In 1981, the Air Force joined the Army in an attempt to limit the number of women in the
military while evaluating their effect on combat readiness. While the Army seems to have been
attempting to force a return to the draft, Holm, who had served as WAF Director, believes that
the Air Staff feared that if the Army held down female enlistments, the Secretary of Defense
might look to the Air Force to take up the slack and recruit additional women to leave more men
for the Army (Holm, 1992:391). While the Air Staff attempted to put limits on the recruiting
objectives for women, in 1985, Congress, faced with the pressure to allocate more recruiting
funds to the services to improve the quality of men recruited, told the Air Force that in 1987, 19
percent of new recruits should be women, and in 1988, the number should be 22 percent. After
1989, Congress mandated that the Air Force no longer set separate accession and strength
ceilings for women, even as the other services, more restricted by combat exclusion law, could
do so. The DOD’s 1988 “risk rule” on combat exclusions opened 2,700 more positions to
women in the Air Force, although the Air Force resisted actually assigning women to some of
the new jobs until 1990, when DACOWITS
made an issue of it. By the end of the 1980s, 97
percent of Air Force jobs were theoretically open to women, and 77,000 of them made up
fourteen percent of the service (ibid.:421).

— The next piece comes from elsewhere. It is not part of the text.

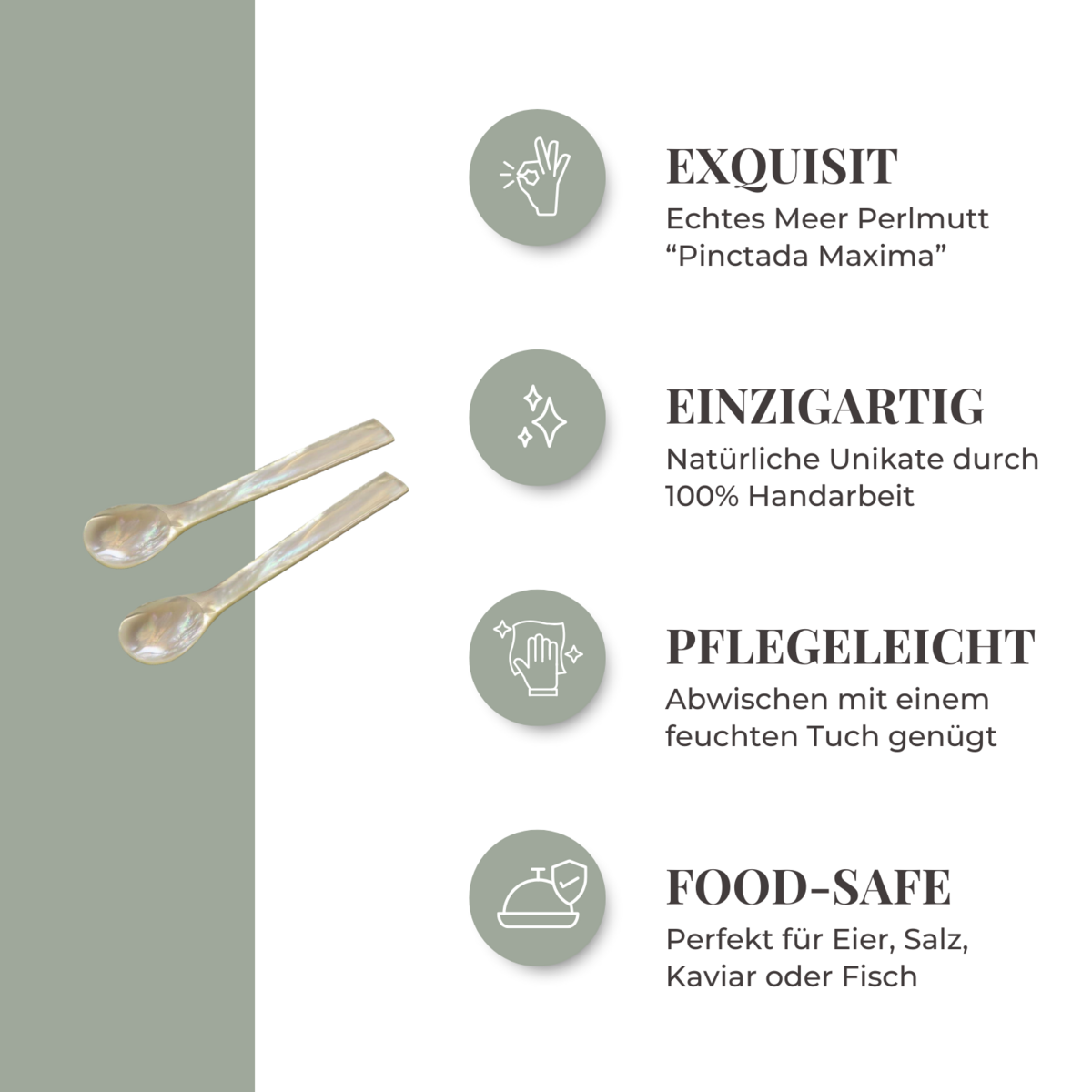 Kaviaarlepels set van 4 parelmoer 11 cm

The National Defense Authorization Act for Fiscal Year 1992-1993 removed legislative
restrictions on the assignment of women to combat aviation. In April 1993, the Clinton
administration, under Secretary of Defense Les Aspin, decided to allow women to compete for
assignment to combat aircraft. For the Air Force, this meant that virtually all jobs could be filled
by women, with the exception of combat control, special operations forces, and TAC Pararescue
positions. In 1998, female aviators flew operational combat mission for the first time, enforcing
the no-fly zone in Iraq. The next year, they participated in combat operations in the air war in
Kosovo (Women’s Research and Education Institute, 2003).

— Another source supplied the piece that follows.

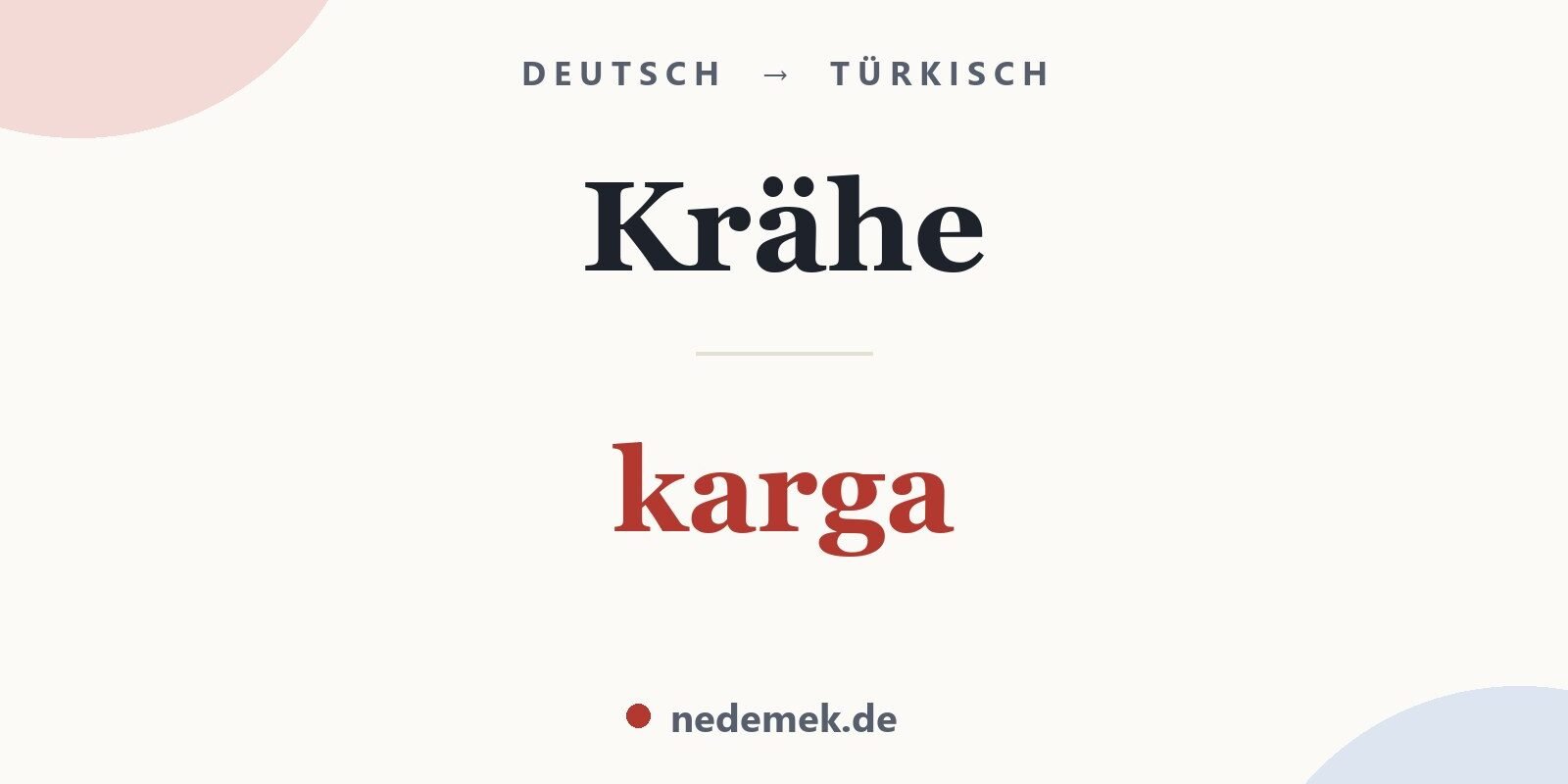 Krähe auf Türkisch: karga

Although the Air Force had always had a relatively easy time recruiting and been able to
keep its standards high, like the Army and Navy, it faced recruiting problems in the late 1990s.
In 1999, for the first time ever, the Air Force paid for television advertising in an attempt to
boost its ranks. The TV commercials and a corresponding set of print ads provide the “flight
plans” of three recent high-school graduates who have joined the Air Force, and their reasons for
joining. The plans feature a Hispanic young man who hopes to someday become a doctor, and
8
DACOWITS, the Defense Advisory Committee on Women in the Services, was a body created by Secretary of
Defense George Marshall, made up at the time of fifty prominent women, to advise the Pentagon on the recruitment
and use of women in the military.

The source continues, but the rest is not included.